No. MRD testing looks for disease below standard detection, but a negative result does not guarantee every cancer cell is gone. It means disease was not detected by that specific assay in that specific sample at that time.

Q: Does the test require a bone marrow biopsy, and is it painful?
Some MRD testing is done on peripheral blood, but many blood cancers use bone marrow aspirate samples. Bone marrow procedures can be uncomfortable; pain control approaches vary by clinic and patient needs. The MRD laboratory test itself is performed on the collected sample.

Q: Is anesthesia used for MRD testing?
For blood draws, anesthesia is not used. For bone marrow sampling, local numbing medicine is common, and some centers use additional medications for comfort depending on the situation. Practices vary by institution and case.

Q: How long does it take to get results?
Turnaround time depends on the assay type, the laboratory, and whether specialized processing is required. Some methods can return results relatively quickly, while others may take longer due to complex sequencing and analysis. Your care team typically interprets results alongside other tests.
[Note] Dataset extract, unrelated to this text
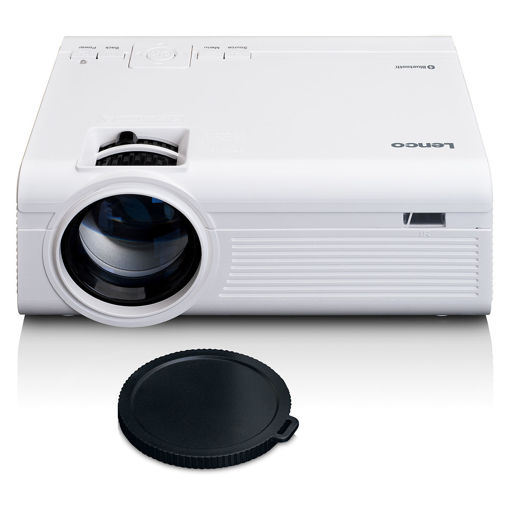 Εικόνα για Προτζέκτορας Full HD με Bluetooth Λευκός Lenco LPJ-300WH
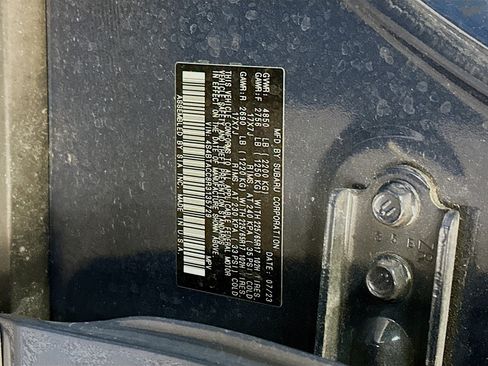 Used 2024 Subaru Outback Premium image 12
Q: What does “MRD-positive” or “MRD-negative” mean?
MRD-positive generally means residual cancer-related cells or genetic material were detected by the assay. MRD-negative generally means the assay did not detect residual disease in that sample. The clinical implications vary by cancer type and stage, and by the method used.

Q: Can MRD testing replace scans or other follow-up tests?
Usually not. MRD testing is typically complementary, not a complete replacement for imaging, exams, and standard labs. Many cancers require imaging or other assessments to evaluate disease location, organ involvement, and treatment effects.

Q: Are there risks or side effects from MRD testing?
The main risks relate to sample collection rather than the assay. Blood draws can cause bruising or lightheadedness, and bone marrow sampling can cause soreness and rare complications such as bleeding or infection. The laboratory analysis itself does not expose the body to radiation or drugs.

Q: How often is a Minimal residual disease assay done during follow-up?
Testing schedules vary by disease, treatment protocol, and clinician preference. Some care pathways use MRD at specific milestones (after induction, after transplant, or during maintenance), while others use it only when clinically indicated. There is no single schedule that fits all cancers.

Q: How much does MRD testing cost?
Costs depend on the assay technology, the laboratory, how often testing is performed, and insurance coverage or health system policies. Out-of-pocket expenses can vary widely. Billing and coverage questions are best addressed through the treating center’s financial services team.

Q: Does MRD testing affect fertility or pregnancy?
The test itself does not affect fertility because it is an analysis of blood or marrow samples. However, MRD results may be used in discussions about cancer treatment intensity or duration in some settings, and cancer treatments can affect fertility. Fertility and pregnancy considerations should be addressed with the oncology team as part of overall care planning.